• **Task directions**
The expected output is the full data, repeated exactly, without pictures.

• **Information supplied**

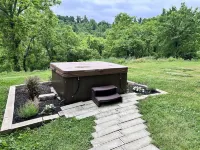 Breathtaking Country Paradise with Hot Tub  Where You Can Unplug in Nature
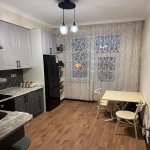 Продажа 3 комнатная Новостройка, 10-й микрорайон район 4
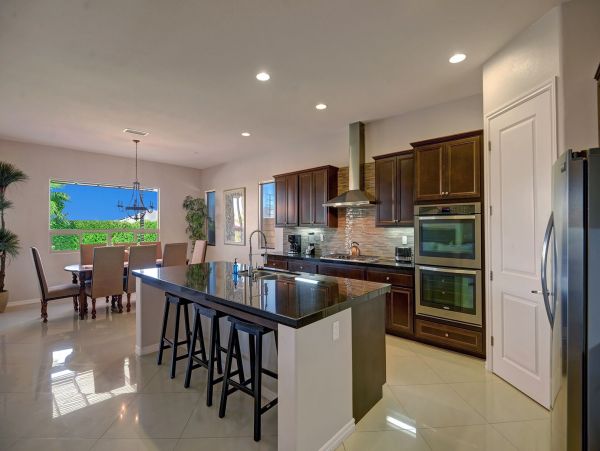 Palm Springs Home 991335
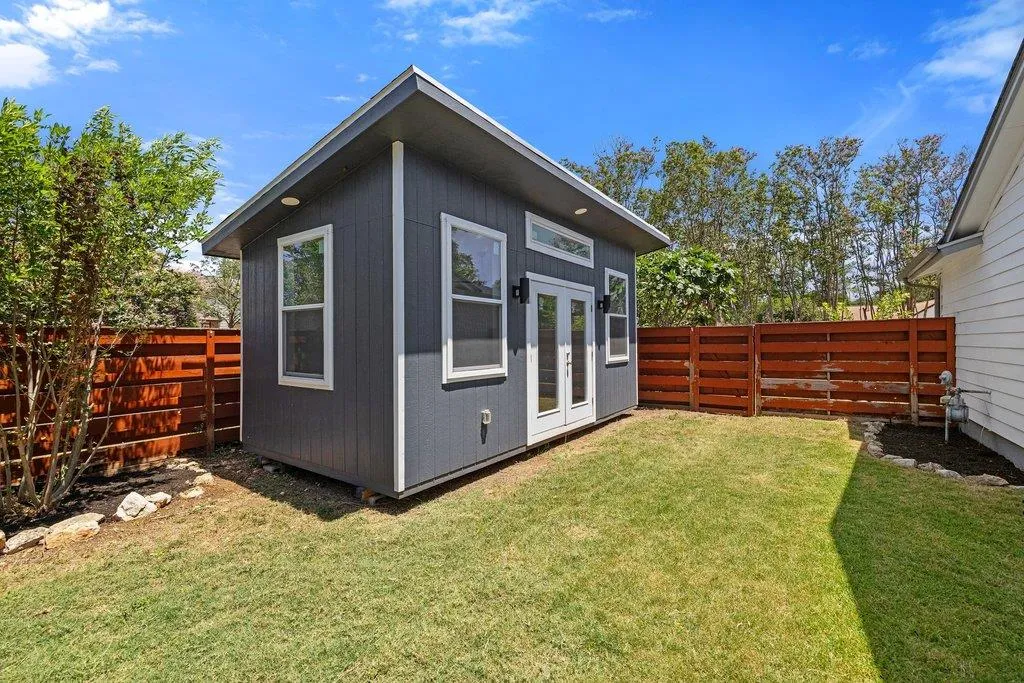 5611 Porsche Lane Austin TX 78749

• **Answer to this problem**
 Breathtaking Country Paradise with Hot Tub  Where You Can Unplug in Nature
 Продажа 3 комнатная Новостройка, 10-й микрорайон район 4
 Palm Springs Home 991335
 5611 Porsche Lane Austin TX 78749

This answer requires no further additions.